Mas talvez a alteração mais relevante prevista na P268/21 tenha a ver com os procedimentos de ajustamentos de preços de transferência em caso de litígio com a AT. Prevê-se agora, por regra, o ajustamento por parte da AT para a mediana do intervalo interquartil de referência dos comparáveis. Ou seja, com vista a dirimir em que segmento deste intervalo a rentabilidade da empresa se situa (mais perto do 1º ou do 3º quartil), opta-se por uma regra salomónica, ou seja, pelo valor que se encontra exatamente no meio do conjunto de informações numéricas obtidas através da análise de comparáveis. Esta regra pode ser penalizante para alguns operadores económicos que operam em negócios de elevado volume, mas com margens (por exemplo, margem bruta) muito comprimidas. Poderá beneficiar outros que, operando em negócios de nicho ou de elevada exclusividade, auferem margens muito mais elevadas. Talvez se tenha ido longe de mais com esta alteração legislativa, que se percebe que resolve muitos problemas de incerteza, principalmente quando os casos chegam a tribunal e um juiz é chamado a tomar uma decisão sobre a correção efetuada pela AT para um determinado ponto do intervalo interquartil aplicável. A situação anterior, que obrigaria a um esforço de fundamentação muito maior por parte da AT, era claramente mais discricionária e, logo, mais facilmente passível de anulação por parte dos tribunais.

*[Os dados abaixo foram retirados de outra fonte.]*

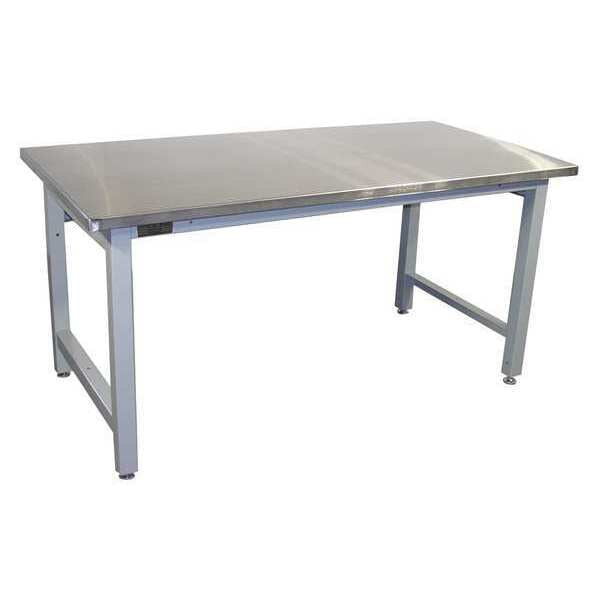 Workstation, Stainless Steel, Lt Gray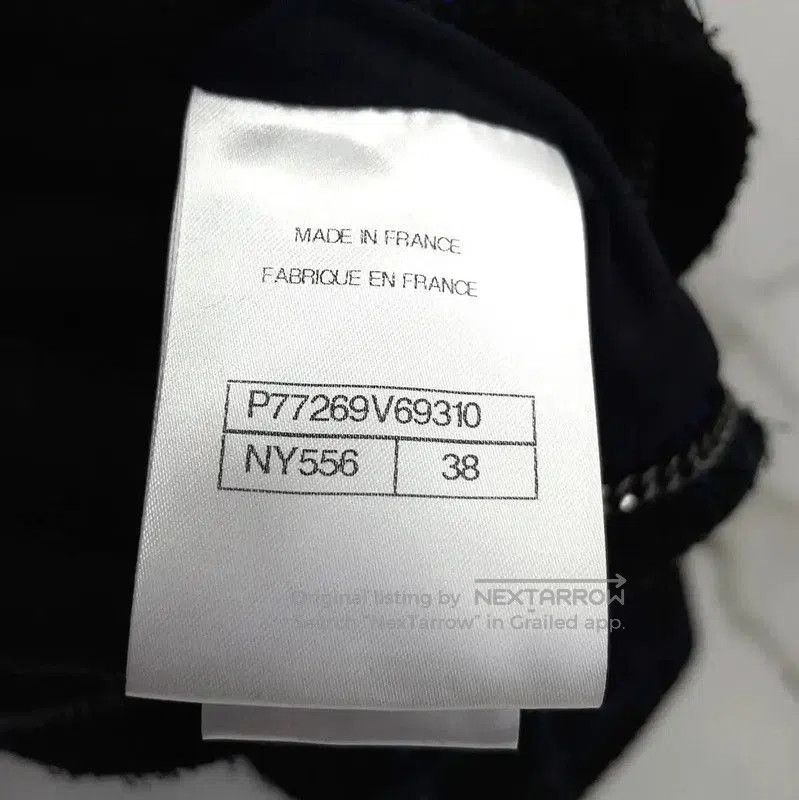 Chanel Chanel Dark Blue Cotton Blend Women's Jacket . Size M / US 6-8 / IT 42-44 - 8 Thumbnail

Uma nota crítica relativa à P268/21 decorre da falta de densificação sobre os fatores de comparabilidade. É uma área que cada vez mais gera mais litígios com a AT, nomeadamente no que respeita à comparabilidade geográfica e aos critérios aceitáveis para a definição de taxas de juro nas operações de financiamento e garantia.

No que concerne à P267/21, que vem regular a celebração de APPT, destaca-se uma ligeira simplificação das fases necessárias para tal celebração, a possibilidade de aplicação retroativa do acordo (sujeita a certas condições), o alargamento do prazo máximo de duração de 3 para 4 anos e uma redução das taxas cobradas pela AT no caso de serem suportadas por sujeitos passivos classificados como micro, pequena ou média empresa.